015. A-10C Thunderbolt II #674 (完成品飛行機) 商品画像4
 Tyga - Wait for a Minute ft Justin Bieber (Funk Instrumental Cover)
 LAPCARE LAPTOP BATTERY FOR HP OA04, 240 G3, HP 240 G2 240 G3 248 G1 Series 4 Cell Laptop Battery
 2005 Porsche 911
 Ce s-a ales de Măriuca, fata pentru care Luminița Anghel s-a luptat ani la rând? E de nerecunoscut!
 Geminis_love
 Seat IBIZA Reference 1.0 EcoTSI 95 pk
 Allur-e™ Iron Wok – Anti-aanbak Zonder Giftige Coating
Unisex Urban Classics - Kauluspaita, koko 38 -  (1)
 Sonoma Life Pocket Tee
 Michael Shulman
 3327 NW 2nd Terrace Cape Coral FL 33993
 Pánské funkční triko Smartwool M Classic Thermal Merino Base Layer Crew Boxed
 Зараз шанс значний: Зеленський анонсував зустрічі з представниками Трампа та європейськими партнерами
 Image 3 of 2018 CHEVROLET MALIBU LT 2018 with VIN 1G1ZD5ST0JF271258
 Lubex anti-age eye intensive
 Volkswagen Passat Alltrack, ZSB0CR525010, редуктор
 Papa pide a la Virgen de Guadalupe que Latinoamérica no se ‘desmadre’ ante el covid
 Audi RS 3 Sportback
- - -
- [WHAT NEEDS TO BE DONE]:
Nothing but the lines from the top of the entries above through the line with "3327 NW 2nd Terrace Cape Coral FL 33993" should be set down, each exactly as written.

- [THE ANSWER]:
015. A-10C Thunderbolt II #674 (完成品飛行機) 商品画像4
 Tyga - Wait for a Minute ft Justin Bieber (Funk Instrumental Cover)
 LAPCARE LAPTOP BATTERY FOR HP OA04, 240 G3, HP 240 G2 240 G3 248 G1 Series 4 Cell Laptop Battery
 2005 Porsche 911
 Ce s-a ales de Măriuca, fata pentru care Luminița Anghel s-a luptat ani la rând? E de nerecunoscut!
 Geminis_love
 Seat IBIZA Reference 1.0 EcoTSI 95 pk
 Allur-e™ Iron Wok – Anti-aanbak Zonder Giftige Coating
Unisex Urban Classics - Kauluspaita, koko 38 -  (1)
 Sonoma Life Pocket Tee
 Michael Shulman
 3327 NW 2nd Terrace Cape Coral FL 33993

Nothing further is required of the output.